Input data.
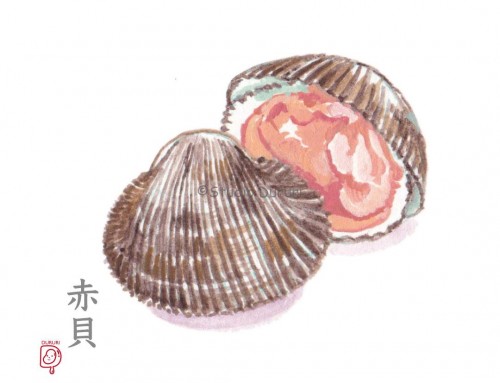 大寒の旬：赤貝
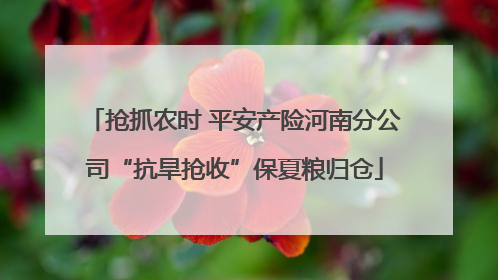 抢抓农时 平安产险河南分公司“抗旱抢收”保夏粮归仓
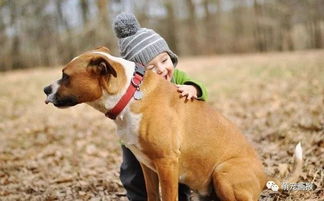 有一只狗狗相伴的童年,是无限美好的 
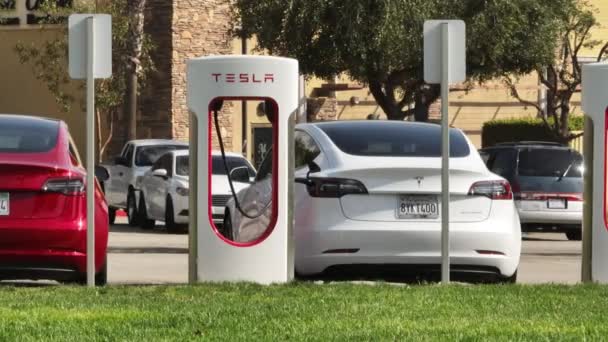 Feb 2023 Los Angeles Usa High End Vehicles Charging Supercharger — Stockvideo
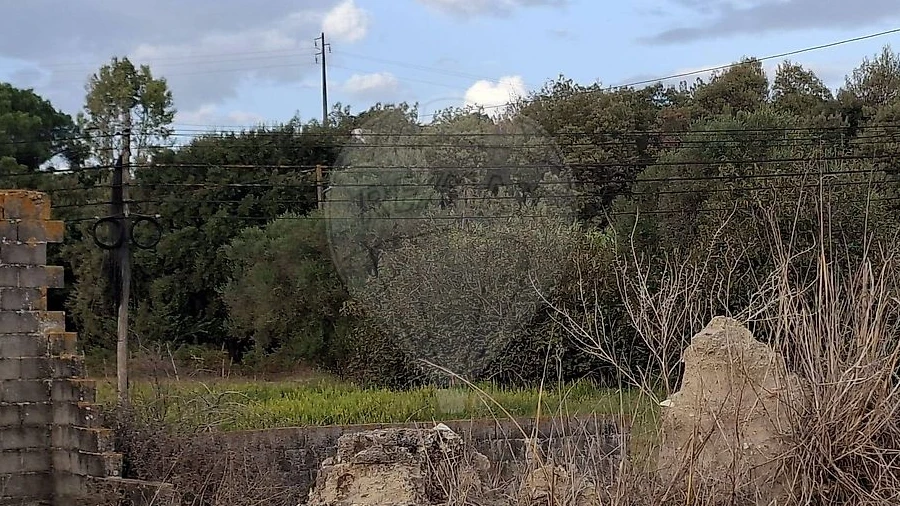 Moradia T0 para Venda em Rio Maior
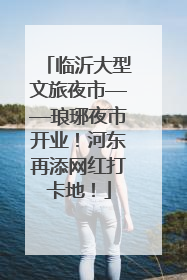 临沂大型文旅夜市——琅琊夜市开业！河东再添网红打卡地！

Exercise. Set down exactly, line for line, the data from the line that contains "Moradia T0 para Venda em Rio Maior" through its last line, keeping pictures out.

Written response.
 Moradia T0 para Venda em Rio Maior
 临沂大型文旅夜市——琅琊夜市开业！河东再添网红打卡地！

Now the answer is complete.